Hostile neck anatomy contributes to higher rates of reintervention following endovascular aortic repair for ruptured infrarenal abdominal aortic aneurysm
Ryan Gedney, Christian Barksdale, Antwana Sharee Wright, Elizabeth A Genovese, Jean Marie Ruddy- Cardiology and Cardiovascular Medicine
- Radiology, Nuclear Medicine and imaging
- General Medicine
- Surgery
Introduction
Ruptured abdominal aortic aneurysms (AAA) presenting with hostile neck anatomy can represent a challenge in surgical decision-making. We hypothesized that, patients who require reinterventions have higher rates of compromised neck anatomy at initial presentation and may indicate a need for altered surveillance paradigm.
Methods
Patients presenting with ruptured AAA to a single tertiary care institution from 2014 to 2021 were retrospectively reviewed. Those treated with infrarenal EVAR, with no prior aortic surgeries, and with available pre-operative computed tomography (CT) scans were included. Demographics, timing and type of reintervention, follow-up, and survival were collected. CT scans were assessed for hostile neck anatomy via measurements of diameter, length, angle, taper, bulge, calcification, and thrombus. Demographics, comorbidities, and neck anatomy of those with and without reintervention were compared using Fischer’s Exact and Student’s T-test. Survival was analyzed via Kaplan-Meier and log-rank test.
Results
Eighty-nine patients were available for analysis, 37 of which met inclusion criteria. Intraoperative death occurred in 3 patients (8.1%) and 1 patient (2.7%) was intraoperatively converted to an open repair. Thirty-day and 1-year survival were 97% and 91%, respectively. The reintervention rate was 30% ( n = 10), occurring at a median of 200 days (18–2053 days) after the index operation. All patients requiring reintervention met hostile neck criteria ( p = .002) and had a statistically higher number of hostile neck criteria (1.80 vs 0.87, p = .03).

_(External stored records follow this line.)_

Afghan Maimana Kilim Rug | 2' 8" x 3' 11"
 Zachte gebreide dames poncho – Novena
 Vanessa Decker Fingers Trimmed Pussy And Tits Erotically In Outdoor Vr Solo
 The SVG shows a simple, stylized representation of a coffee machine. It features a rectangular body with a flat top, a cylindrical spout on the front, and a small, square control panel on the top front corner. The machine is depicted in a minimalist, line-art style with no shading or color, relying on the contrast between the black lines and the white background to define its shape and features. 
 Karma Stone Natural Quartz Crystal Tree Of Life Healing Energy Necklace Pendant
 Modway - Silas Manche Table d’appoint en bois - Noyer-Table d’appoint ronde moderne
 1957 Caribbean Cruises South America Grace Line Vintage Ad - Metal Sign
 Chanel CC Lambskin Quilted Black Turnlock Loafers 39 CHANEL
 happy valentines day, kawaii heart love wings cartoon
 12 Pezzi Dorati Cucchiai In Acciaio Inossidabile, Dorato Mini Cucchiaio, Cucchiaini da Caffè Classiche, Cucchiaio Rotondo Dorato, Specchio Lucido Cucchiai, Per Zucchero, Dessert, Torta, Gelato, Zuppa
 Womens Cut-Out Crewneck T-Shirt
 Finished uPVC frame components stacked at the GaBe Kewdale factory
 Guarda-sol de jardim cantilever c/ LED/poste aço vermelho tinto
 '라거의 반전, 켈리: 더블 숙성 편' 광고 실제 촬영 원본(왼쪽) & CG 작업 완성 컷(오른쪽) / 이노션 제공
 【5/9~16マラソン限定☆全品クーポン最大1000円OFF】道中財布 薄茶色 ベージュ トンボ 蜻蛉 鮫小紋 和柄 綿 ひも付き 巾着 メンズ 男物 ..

Thirty percent ( n = 3) of patients that received a reintervention had neck diameter greater than 3 cm, compared to zero patients in the non-reintervention group ( p = .022). Proximal reinterventions ( n = 5) had statistically higher neck diameters and neck angle compared to the non-reintervention group.
Conclusion
Infrarenal rEVAR is effective at preventing acute mortality despite specific anatomic considerations that may contribute to the higher reintervention rates, and therefore those parameters ought to be considered when following patients in the post-intervention period.